Overall, unlike Democratic presidential candidates to his left such as Sen. Bernie Sanders of Vermont and Sen. Elizabeth Warren of Massachusetts, Biden has hewed throughout his career, including 36 years in the Senate and eight as vice president, to a mainstream approach to trade policy. While calling for the enforcement of labor and environmental standards, Biden has generally supported agreements with major trade partners. He voted for the original North American Free Trade Agreement in 1993 and for legislation paving the way for China to join the WTO in 2001, and supported the negotiation of the Trans-Pacific Partnership as Barack Obama’s vice president.
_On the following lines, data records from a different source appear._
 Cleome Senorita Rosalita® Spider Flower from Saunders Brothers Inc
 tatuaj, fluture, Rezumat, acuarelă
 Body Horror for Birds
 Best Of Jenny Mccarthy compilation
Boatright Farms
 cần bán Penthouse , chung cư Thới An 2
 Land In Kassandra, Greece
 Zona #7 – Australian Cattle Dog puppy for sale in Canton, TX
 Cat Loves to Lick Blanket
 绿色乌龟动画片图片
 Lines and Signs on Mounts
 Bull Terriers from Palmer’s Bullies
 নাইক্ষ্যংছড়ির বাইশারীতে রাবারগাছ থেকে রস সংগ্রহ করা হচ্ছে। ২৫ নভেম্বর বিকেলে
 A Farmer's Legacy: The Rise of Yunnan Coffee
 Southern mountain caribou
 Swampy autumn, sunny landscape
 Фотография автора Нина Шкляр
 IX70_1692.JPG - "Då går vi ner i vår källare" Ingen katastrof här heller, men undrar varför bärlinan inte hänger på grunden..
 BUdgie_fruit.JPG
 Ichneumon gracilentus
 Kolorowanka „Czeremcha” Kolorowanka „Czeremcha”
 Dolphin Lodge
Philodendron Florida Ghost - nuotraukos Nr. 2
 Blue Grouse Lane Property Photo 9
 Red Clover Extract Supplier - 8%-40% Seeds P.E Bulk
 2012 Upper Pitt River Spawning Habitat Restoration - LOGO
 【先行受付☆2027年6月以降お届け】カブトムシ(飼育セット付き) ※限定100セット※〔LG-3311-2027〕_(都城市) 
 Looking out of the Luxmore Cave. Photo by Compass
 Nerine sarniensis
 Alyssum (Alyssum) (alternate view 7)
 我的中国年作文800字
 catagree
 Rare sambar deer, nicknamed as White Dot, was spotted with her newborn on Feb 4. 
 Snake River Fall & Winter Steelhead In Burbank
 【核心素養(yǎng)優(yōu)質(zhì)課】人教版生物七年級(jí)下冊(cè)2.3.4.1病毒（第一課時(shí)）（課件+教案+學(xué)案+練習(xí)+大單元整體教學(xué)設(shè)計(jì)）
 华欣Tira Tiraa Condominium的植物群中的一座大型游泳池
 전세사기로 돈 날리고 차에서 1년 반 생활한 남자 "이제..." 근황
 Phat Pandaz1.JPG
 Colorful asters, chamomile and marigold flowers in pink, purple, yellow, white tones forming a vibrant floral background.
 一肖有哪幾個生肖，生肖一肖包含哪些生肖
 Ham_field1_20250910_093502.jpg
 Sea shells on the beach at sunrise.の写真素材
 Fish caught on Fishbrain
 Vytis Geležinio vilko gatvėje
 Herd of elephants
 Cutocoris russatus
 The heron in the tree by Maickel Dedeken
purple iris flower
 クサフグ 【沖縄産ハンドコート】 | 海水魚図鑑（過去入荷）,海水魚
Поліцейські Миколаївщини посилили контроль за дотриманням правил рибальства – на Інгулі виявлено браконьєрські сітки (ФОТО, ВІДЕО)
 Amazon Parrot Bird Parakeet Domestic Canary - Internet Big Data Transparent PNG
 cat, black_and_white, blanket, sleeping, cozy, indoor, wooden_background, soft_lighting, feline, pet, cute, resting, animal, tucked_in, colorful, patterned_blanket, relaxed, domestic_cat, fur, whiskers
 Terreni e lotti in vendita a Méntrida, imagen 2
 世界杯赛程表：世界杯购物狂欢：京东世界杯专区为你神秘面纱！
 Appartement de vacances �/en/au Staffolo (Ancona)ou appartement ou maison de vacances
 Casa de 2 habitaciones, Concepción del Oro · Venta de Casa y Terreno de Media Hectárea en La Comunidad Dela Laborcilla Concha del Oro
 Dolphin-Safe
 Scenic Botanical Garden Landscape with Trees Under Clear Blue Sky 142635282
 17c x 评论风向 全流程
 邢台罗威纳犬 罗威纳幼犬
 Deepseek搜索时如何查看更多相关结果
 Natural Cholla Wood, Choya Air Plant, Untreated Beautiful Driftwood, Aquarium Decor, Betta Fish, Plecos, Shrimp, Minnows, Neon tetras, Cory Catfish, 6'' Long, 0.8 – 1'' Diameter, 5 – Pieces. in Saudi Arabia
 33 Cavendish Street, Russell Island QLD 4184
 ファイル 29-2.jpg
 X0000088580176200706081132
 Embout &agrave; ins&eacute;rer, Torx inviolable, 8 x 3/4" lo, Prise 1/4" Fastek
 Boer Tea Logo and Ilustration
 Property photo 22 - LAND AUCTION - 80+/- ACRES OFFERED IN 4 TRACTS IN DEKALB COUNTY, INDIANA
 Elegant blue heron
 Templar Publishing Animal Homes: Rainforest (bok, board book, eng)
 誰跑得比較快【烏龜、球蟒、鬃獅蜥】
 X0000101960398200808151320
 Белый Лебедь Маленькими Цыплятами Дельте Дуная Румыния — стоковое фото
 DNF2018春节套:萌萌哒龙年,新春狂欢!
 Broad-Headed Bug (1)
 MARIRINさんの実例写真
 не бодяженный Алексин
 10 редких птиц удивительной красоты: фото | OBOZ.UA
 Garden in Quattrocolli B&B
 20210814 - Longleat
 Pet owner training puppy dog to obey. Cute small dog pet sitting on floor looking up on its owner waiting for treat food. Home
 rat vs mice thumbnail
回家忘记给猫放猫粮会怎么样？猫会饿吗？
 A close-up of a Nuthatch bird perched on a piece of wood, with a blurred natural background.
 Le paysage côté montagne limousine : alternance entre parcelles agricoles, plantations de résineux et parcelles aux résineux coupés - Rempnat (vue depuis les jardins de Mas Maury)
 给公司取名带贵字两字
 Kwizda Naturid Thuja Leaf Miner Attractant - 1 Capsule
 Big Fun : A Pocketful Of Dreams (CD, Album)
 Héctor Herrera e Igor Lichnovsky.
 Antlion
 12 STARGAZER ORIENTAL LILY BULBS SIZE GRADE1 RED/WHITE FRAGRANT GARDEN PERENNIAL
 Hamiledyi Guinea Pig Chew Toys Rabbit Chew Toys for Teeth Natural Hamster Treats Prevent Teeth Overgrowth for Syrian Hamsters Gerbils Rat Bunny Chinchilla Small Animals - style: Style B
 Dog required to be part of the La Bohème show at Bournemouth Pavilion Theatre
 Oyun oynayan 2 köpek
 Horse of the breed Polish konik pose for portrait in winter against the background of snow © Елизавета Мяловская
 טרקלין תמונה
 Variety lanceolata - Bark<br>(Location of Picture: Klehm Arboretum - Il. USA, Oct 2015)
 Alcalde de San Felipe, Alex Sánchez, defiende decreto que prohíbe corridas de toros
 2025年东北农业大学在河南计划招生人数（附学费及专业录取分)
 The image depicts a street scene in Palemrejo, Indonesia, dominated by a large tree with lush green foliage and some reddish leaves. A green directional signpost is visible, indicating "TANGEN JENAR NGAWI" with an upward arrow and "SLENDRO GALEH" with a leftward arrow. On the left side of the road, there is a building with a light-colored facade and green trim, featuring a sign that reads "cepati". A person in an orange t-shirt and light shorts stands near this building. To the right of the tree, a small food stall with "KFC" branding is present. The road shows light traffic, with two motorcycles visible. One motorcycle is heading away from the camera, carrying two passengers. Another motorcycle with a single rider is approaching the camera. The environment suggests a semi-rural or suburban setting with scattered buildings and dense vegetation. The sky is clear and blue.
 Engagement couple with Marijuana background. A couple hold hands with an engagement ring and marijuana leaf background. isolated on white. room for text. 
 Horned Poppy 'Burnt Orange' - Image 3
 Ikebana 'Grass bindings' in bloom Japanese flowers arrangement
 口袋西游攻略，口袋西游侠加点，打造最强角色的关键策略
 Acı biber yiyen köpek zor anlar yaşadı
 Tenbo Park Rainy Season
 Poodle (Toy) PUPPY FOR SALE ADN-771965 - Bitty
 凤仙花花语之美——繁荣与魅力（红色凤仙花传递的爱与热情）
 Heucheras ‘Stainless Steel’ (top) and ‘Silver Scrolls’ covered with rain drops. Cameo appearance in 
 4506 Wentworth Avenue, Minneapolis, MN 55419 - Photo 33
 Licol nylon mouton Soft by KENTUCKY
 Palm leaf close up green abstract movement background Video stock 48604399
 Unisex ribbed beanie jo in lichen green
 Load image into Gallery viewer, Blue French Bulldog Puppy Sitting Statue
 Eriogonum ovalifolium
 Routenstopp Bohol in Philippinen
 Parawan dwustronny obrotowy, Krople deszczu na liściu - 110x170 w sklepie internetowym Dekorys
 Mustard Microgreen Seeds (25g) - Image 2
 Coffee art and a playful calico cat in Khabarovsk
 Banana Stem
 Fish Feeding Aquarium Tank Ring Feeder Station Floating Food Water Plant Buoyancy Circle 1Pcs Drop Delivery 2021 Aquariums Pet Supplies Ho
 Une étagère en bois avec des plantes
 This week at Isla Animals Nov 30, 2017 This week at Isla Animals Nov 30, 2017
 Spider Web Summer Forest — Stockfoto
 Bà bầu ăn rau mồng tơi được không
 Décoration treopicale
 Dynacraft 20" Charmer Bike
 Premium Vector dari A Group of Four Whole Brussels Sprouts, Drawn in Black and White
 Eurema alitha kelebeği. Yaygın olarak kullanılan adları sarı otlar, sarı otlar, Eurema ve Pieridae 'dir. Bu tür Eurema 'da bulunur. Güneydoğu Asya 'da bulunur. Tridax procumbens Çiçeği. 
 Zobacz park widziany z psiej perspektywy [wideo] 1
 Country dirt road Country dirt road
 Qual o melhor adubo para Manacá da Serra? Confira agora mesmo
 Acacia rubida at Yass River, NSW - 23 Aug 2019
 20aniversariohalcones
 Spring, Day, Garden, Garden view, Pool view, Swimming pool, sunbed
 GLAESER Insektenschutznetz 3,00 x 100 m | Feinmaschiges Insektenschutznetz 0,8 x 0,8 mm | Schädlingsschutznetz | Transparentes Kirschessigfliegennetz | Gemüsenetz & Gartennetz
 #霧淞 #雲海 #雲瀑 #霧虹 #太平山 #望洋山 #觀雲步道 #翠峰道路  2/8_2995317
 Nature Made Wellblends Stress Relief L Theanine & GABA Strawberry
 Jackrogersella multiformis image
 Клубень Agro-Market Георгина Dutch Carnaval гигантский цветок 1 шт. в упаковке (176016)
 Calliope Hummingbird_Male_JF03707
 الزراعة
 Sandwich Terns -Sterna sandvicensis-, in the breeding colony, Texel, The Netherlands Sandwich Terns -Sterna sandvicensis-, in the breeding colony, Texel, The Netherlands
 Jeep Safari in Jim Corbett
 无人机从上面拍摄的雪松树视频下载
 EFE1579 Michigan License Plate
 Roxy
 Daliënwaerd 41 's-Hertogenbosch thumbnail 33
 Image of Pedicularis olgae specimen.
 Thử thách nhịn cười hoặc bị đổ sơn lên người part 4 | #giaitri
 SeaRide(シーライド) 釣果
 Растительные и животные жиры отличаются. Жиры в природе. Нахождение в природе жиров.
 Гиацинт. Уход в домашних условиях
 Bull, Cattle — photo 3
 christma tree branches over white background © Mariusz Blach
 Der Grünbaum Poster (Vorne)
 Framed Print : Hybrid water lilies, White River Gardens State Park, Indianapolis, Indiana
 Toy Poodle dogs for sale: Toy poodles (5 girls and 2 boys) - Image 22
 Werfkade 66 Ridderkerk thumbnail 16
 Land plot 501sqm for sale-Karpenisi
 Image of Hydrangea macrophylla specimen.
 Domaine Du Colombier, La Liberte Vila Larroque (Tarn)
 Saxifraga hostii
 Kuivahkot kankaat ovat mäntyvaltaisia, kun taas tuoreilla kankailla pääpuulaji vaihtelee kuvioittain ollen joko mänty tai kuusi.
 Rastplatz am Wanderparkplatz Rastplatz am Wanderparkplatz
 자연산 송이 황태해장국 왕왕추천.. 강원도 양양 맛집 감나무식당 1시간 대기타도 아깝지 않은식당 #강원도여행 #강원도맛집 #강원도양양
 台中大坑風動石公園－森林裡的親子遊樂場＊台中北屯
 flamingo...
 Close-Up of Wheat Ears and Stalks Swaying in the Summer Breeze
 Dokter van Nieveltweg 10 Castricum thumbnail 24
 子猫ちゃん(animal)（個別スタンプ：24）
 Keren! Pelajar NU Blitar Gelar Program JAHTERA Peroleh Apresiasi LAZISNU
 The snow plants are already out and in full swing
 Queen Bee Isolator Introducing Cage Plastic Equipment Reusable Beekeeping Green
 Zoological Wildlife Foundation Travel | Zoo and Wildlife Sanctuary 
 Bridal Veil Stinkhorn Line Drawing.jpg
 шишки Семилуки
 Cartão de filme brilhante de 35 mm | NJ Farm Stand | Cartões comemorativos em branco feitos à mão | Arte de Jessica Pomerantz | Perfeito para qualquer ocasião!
In a July 9, 2019, speech on foreign policy, however, Biden declared that, “There’s no going back to business as usual on trade with me.” Obama also ran on and came into office with a cautious approach to trade policy. But he ultimately pushed long-stalled trade agreements with South Korea and Colombia through Congress, and negotiated the TPP, renamed the Comprehensive and Progressive Agreement for Trans-Pacific Partnership by the 11 Pacific Rim countries that chose to proceed with the pact after Trump withdrew from it soon after taking office.